No caso de Petrópolis — que teve mais de 100 mortos por causa das fortes precipitações em fevereiro deste ano –, segundo Guerra, o Executivo municipal dispõe há anos de “informações de qualidade”, fornecidas por ele e colegas da UFRJ e outras universidades, para reduzir os danos causados pelas chuvas, como mapas das áreas mais vulneráveis, mas não age de forma efetiva. Em suas palavras “a preocupação é praticamente zero, porque são feitas obras muito pontuais. Não é uma política pública de remoção de famílias de áreas que são de risco, porque se não houver essa remoção, vão morrer”. Ele avalia também que a prefeitura deveria ter mais cuidado para não deixar os cidadãos estabelecerem moradia em área de risco e “tem muita área de risco em Petrópolis”.

Mudanças climáticas

Tanto Cássia Ferreira como Antônio José Guerra explicam ainda que evitar mortes, feridos, desabrigados e outros danos em decorrência de chuvas intensas passa também por adotar ações de combate ao aquecimento global. Conforme os especialistas, por causa das mudanças climáticas provocadas por esse processo de aumento da temperatura, a tendência é que eventos extremos, como as chuvas em Petrópolis e Pernambuco, fiquem mais recorrentes e intensos.

“E quando eu falo em intensidade, eu estou falando de um volume de precipitação cada vez mais concentrado. Então a cidade mais que nunca ela vai ter que estar preparada. E o que a gente coloca é: já não estava preparada para o que vinha antes, aí agora ela tem que correr muito atrás desse prejuízo para se preparar para o que virá”, acrescenta a doutora em geografia. Ela relembra que é a população mais empobrecida que fica nas áreas de risco para danos em decorrências das chuvas, no Brasil, e, consequentemente, essas são as pessoas mais vulneráveis aos eventos extremos.

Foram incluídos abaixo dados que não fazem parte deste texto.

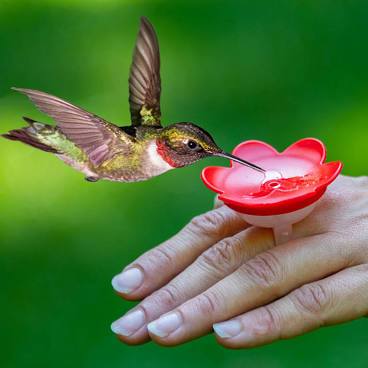 Hummingbird Feeding Ring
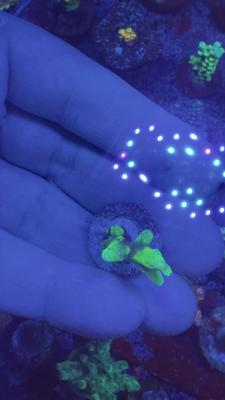 Изображение WhatsApp 2025-10-10 в 10.53.55_a21da8b6.jpg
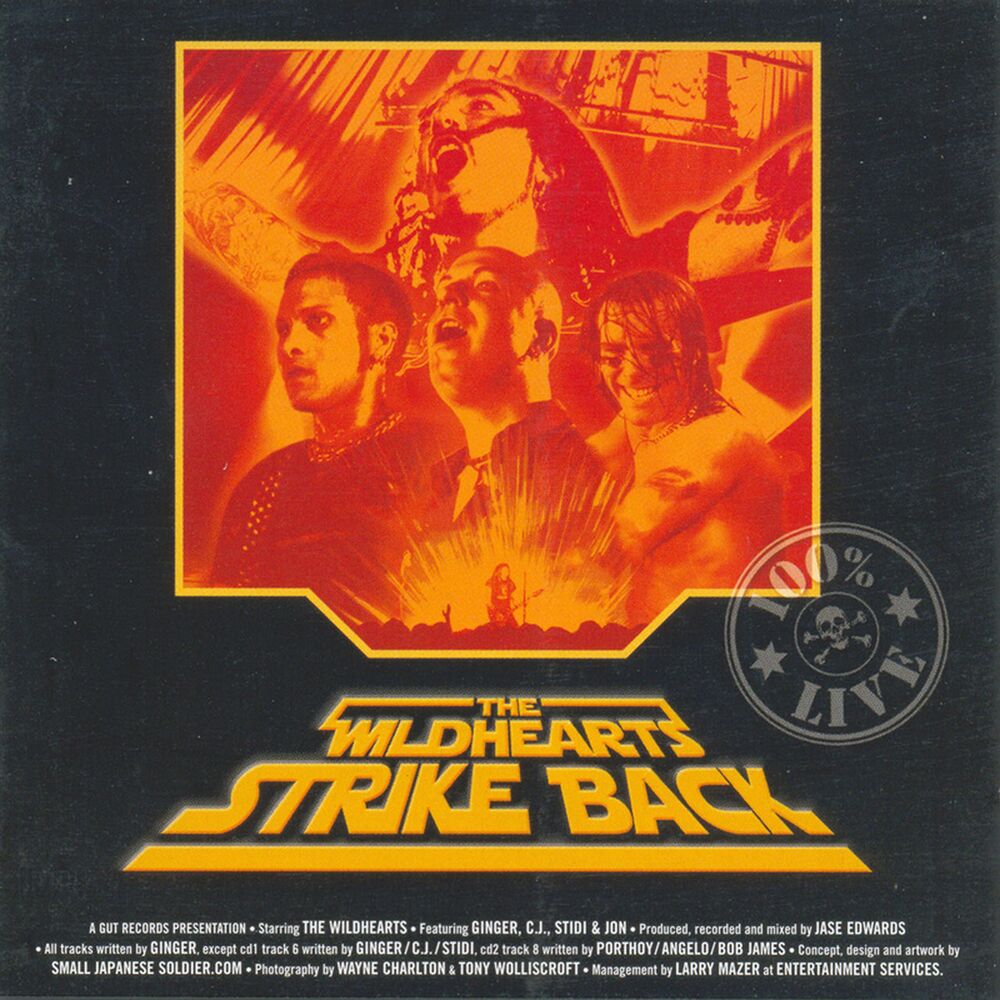 Picture of Strike Back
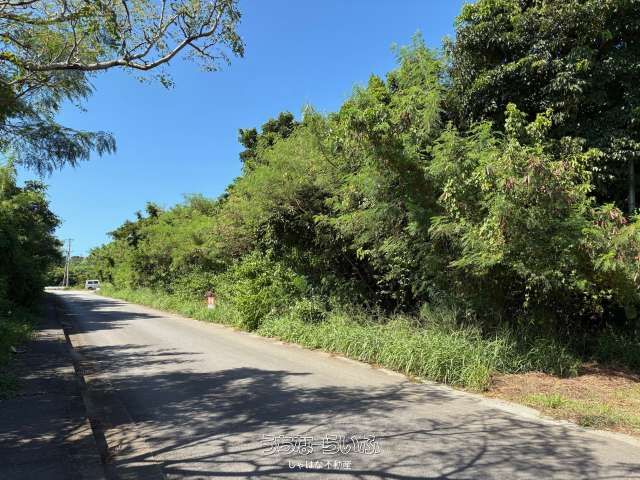 1881m² Land Plot for Sale in Motobu, Okinawa - Near Churaumi Aquarium - Thumbnail 4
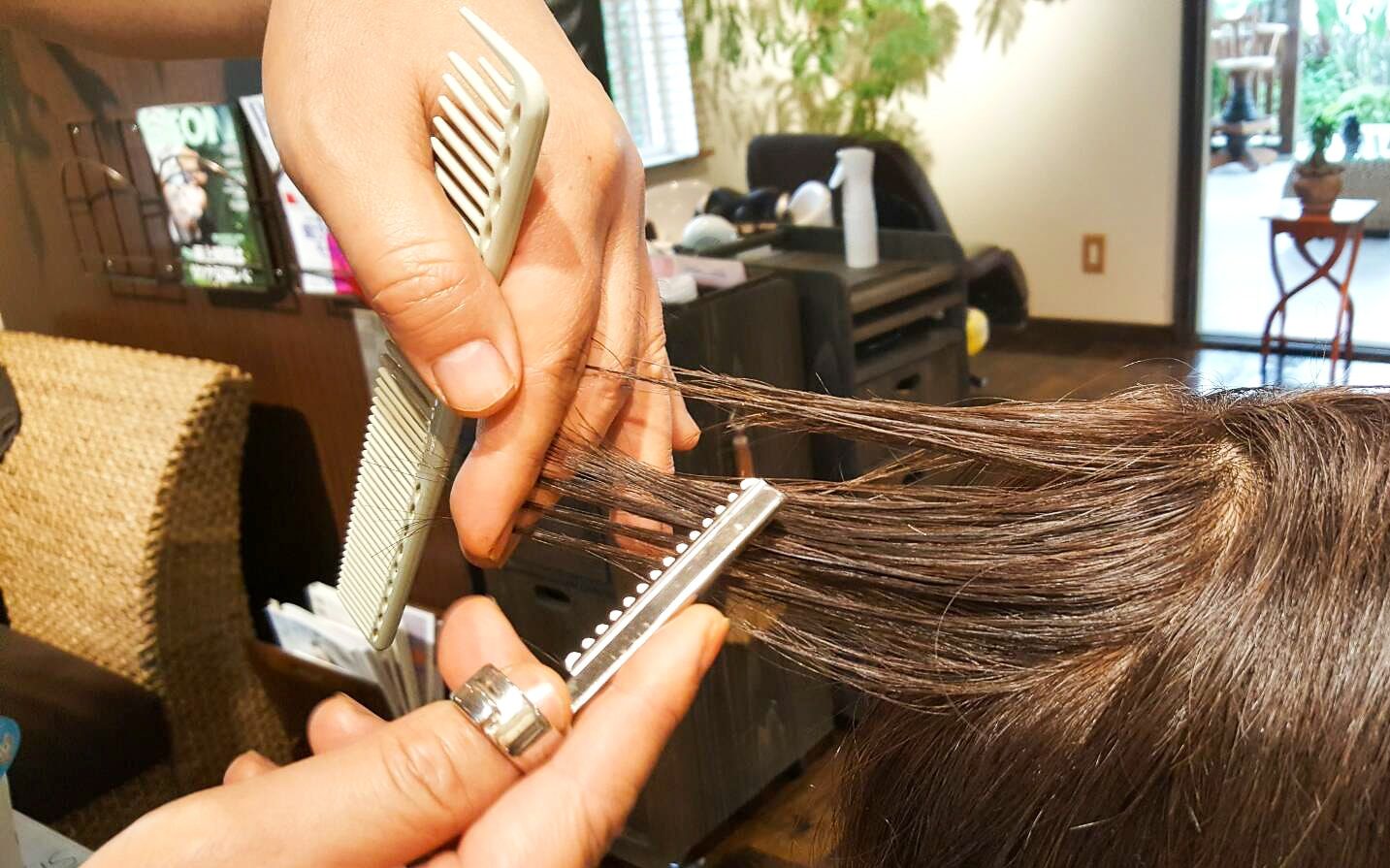 Salon遊の思い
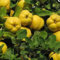 20 pcs quittenbaum winterhart samen, bio samen, garten hochbeet quittenbaum kaufen - Cydonia oblonga - bonsai samen, geschenk garten säulenobst winterhart, samen säulenobst, geschenke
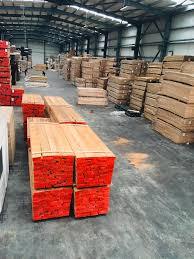 Premium taze kesilmiş kayın kareler 300 m3 ihracat için hazır Premium parke çam ahşap kereste için dış mekan mobilyası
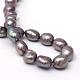 Oval Natural Cultured Freshwater Pearl Beads Strands PEAR-R015-23-2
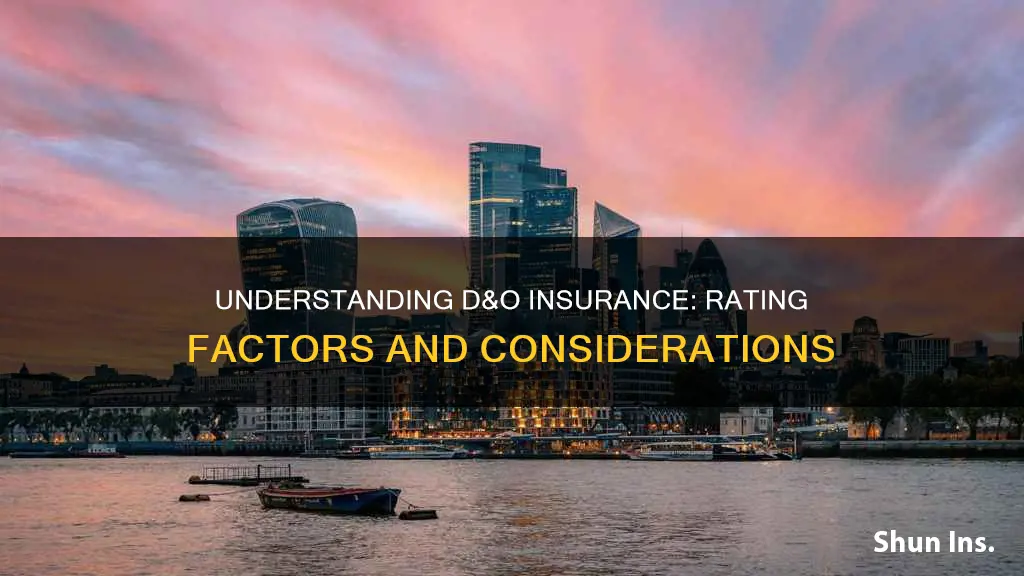 how is d&o insurance rated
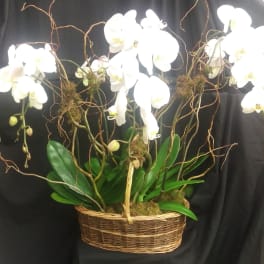 White orchids arranged in a wicker basket with curly branches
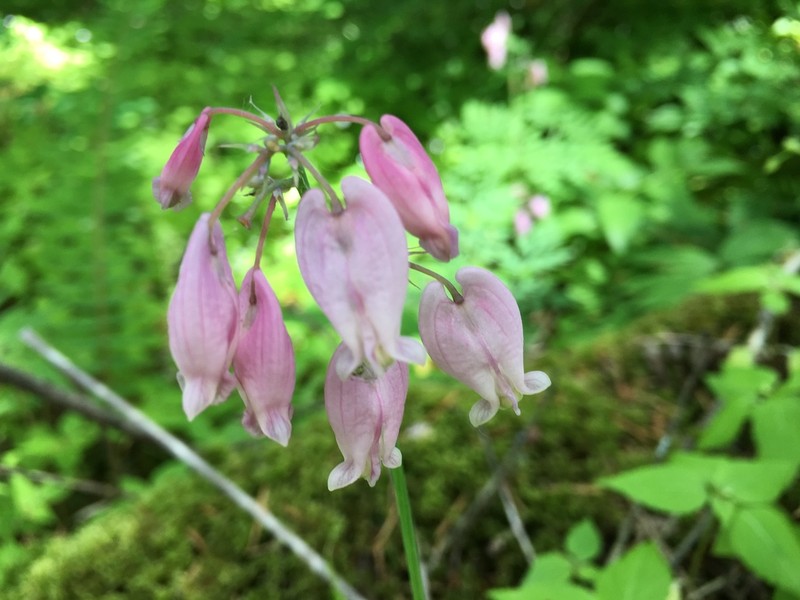 Pacific Bleeding Heart photo 6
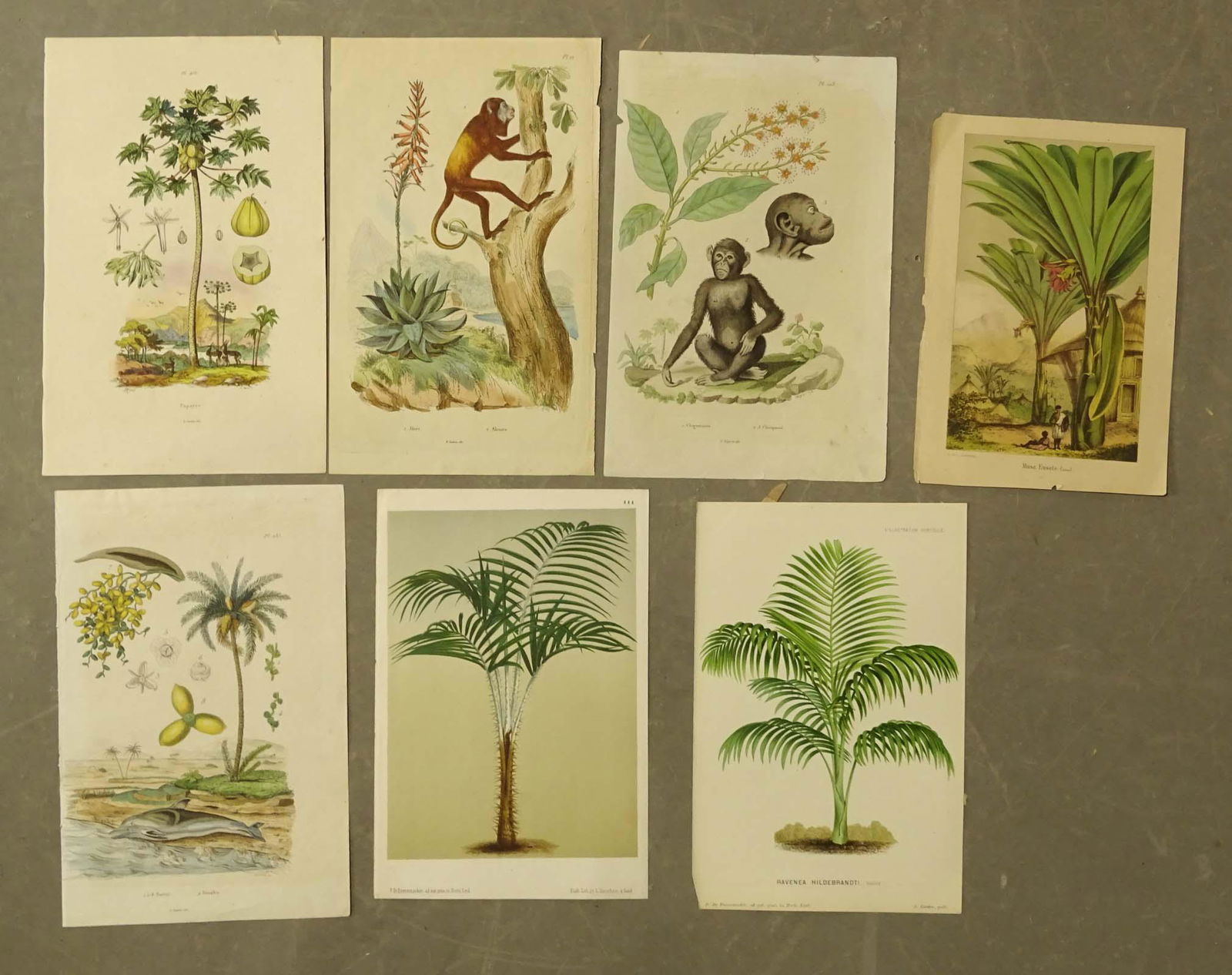 Palm and Tropical Antique Prints (7) (1 of 5)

E uma das formas de combater o aquecimento global, reforça Guerra, é o reflorestamento. “Em vez  de desmatar tanto a Amazônia, reflorestar não só a Amazônia como o Cerrado, que são as áreas mais atingidas, o Pantanal Mato-Grossense também. A própria Serra do Mar aqui no Rio de Janeiro, São Paulo, que vem sendo cada vez mais desmatada”, afirma. Ele ressalta também que, retirando a cobertura vegetal, “essa água da chuva que cai escoa rapidamente e causa mais enchentes, porque ela chega mais rapidamente aos rios, então é um problema aí, é uma escala em dominó”.